So, here's the thing about distributed storage: it's the reason I spent sleepless nights wrestling with Longhorn, watching my infrastructure costs explode, and ultimately migrating 650 Ghost sites to CephFS.
And you know what? I'd do it all over again.
Let me explain why.
The Single Point of Failure Problem
Imagine you're running a managed Ghost hosting service, like me. A creator who just hit publish on a newsletter that is sent on the same day every week. The site is running smoothly. Everything is fine.
Then the server decides to take a nap. Maybe it's planned maintenance, maybe the hardware just decided today was a good day to retire. Who knows? Servers are like that sometimes.
Thankfully, things are set up to run in a cluster, right? One server goes down, another one is there to take over and serve the Ghost site.
But here's where it gets messy.
Without distributed storage, that Ghost site can only ever truly live on one server at a time. Sure, the orchestrator can spin it up on a different server when things go wrong. But the new server is starting from scratch. All the images that were uploaded? Gone. The custom theme tweaks? Vanished. Hope you have a backup.
And yes, there are backups. But the ugly truth restoring from a backup: it's slow. Painfully slow.
The average Ghost site on Magic Pages holds about 2GB of data. That's manageable, right? Now consider the largest site, sitting at a whopping 75GB. Ever tried to restore 75GB from a backup? Even server-to-server within the same data center, you're looking at...well, let's just say you don't want to be in that situation.
The Two Components That Need to Survive
Every Ghost site essentially has two parts that need to stay alive when a server goes down:
- The database - This is where all your content lives. Posts, pages, members, settings, etc.
- The file system - Your themes, every image, video, or other files you've ever uploaded.
Now, databases? Those are the easy part. At Magic Pages, they live in a completely separate cluster that replicates itself continuously and backs itself up regularly. When a server hosting a Ghost site goes down, the "new" server just reconnects to the same database cluster. Your content is there, waiting, like nothing happened.
But the file system? That's where things get...interesting.
When I first encountered this problem, I thought I was clever. "I'll just set up an NFS server!" I told myself. One server, serving files to all Ghost sites. Network-attached storage. What could go wrong?
It worked! For a while. All Ghost sites could access their files from this central NFS server. When a Ghost container moved between servers, it would just mount the same NFS share. Problem solved, right?
I mean...kinda.
What I'd actually done was create the mother of all single points of failure. If that NFS server went down, it wouldn't take out one site. It would take out every single site on the platform. Thankfully, it never came to that worst-case scenario.

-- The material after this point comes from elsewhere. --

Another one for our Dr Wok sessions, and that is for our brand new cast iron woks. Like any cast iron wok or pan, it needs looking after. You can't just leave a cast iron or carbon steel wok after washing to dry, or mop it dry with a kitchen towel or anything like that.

But once I realised this, the NFS server became this terrifying monolith in my infrastructure. The one thing that absolutely, positively could not fail.
Distributed Storage
This is when I realised I needed true distributed storage. Not just network-attached storage, but storage that exists in multiple places simultaneously.
There are a few options out there. Ceph is the veteran – battle-tested, robust, but with a reputation for complexity. So when I discovered Longhorn, with its promises of being "Kubernetes-native" and "easy to operate," I thought I'd found the answer.

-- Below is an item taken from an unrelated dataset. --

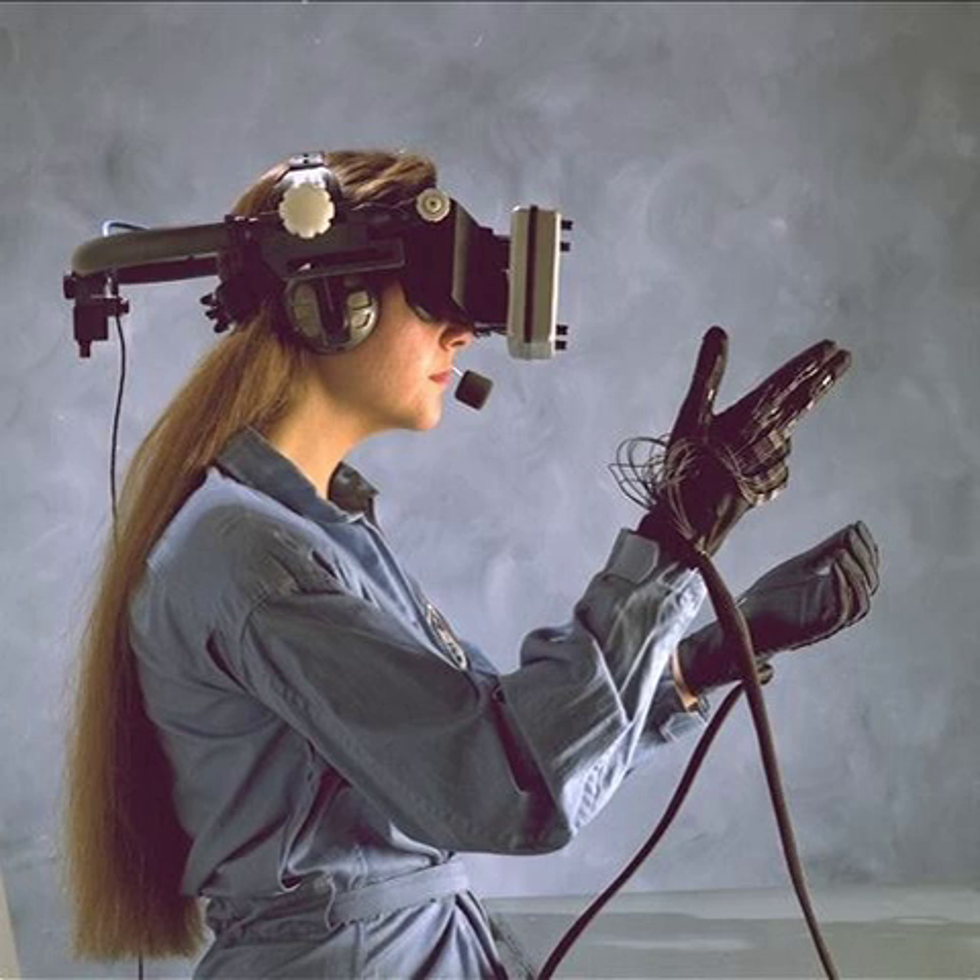One of the first wired gloves available to home users in 1987 was the Nintendo Power Glove, designed as a gaming glove for the Nintendo Entertainment System. It had a crude tracker and finger bend sensors, plus buttons on the back. The resistive sensors in the Power Glove were also used by hobbyists to create their own data gloves.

You can read about that journey here, but the short version is: Longhorn delivered on being easy to set up. It replicated data beautifully across servers. It was indeed Kubernetes-native.

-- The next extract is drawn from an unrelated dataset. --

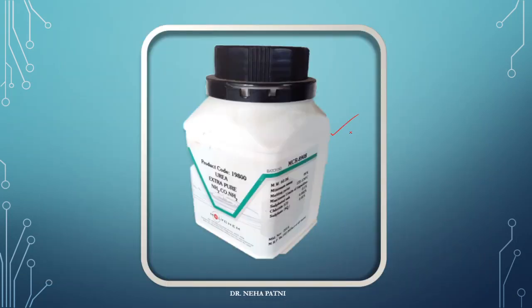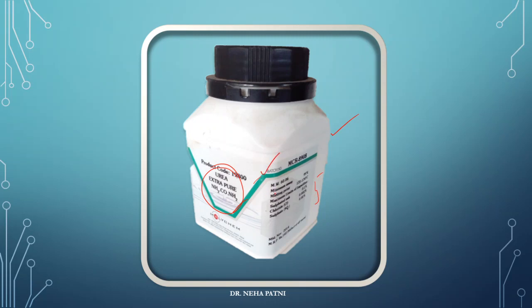This is a reagent bottle — a sample bottle — wherein you can see the name, formula, product code, molecular weight, minimum melting point, and different constituents. Before taking any substance for testing, you must cross-check and read these things. These are nothing but spatulas — you cannot call them spoons, though they work similarly. They are used to transfer a particular substance from one place to another and come in different sizes.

It also consumed memory like crazy, but we already covered that in a previous post 😂

Why Do I Still Believe in Distributed Storage?
After all that pain, you might expect me to say "forget it, distributed storage is overengineered nonsense for a small hosting provider."
But no. Even after the sleepless nights, the exploded costs, and the Longhorn-induced trauma, I believe distributed storage is absolutely essential for what I'm trying to build.
Here's why:
Without distributed storage, you're always one hardware failure away from a customer asking "why is my site down?" With it – when it works – that same hardware failure becomes a non-event. The orchestrator notices a server is gone, schedules the Ghost site on a different server, and that new server connects to the same distributed storage where all the files are safe and sound.
The site is back online in seconds. Not hours while you restore from backup. Seconds.
After the Longhorn disaster, I did what I should have done from the beginning: I bit the bullet and set up Ceph.
Yes, Ceph. The scary one. The complex one. The one everyone warns you about.
Turns out, it took me about 2 hours to set up:

The key point is this: Ceph just works. It's boring in the best possible way. My files are replicated across three dedicated servers. If one fails, the others don't even blink. It's kinda like that original NFS server, but well...replicated.
The Philosophy of Over-Engineering
Yes, as a small Ghost hosting provider, distributed storage might seem like overkill. I could run everything simpler, cheaper, with less complexity.
But here's what I've learned: infrastructure isn't about what works on a good day. It's about what survives the bad days.
Every Ghost site on Magic Pages represents someone's passion project, their business, their connection to their audience. When they hit publish, they're trusting me with something important to them. The least I can do is make sure a random hardware failure doesn't break that trust.
It's been a journey, and it has involved sleepless nights. But that's a trade-off I'm willing to make.
(Though seriously, just use Ceph. Don't be like me. Don't try Longhorn first. Learn from my mistakes.)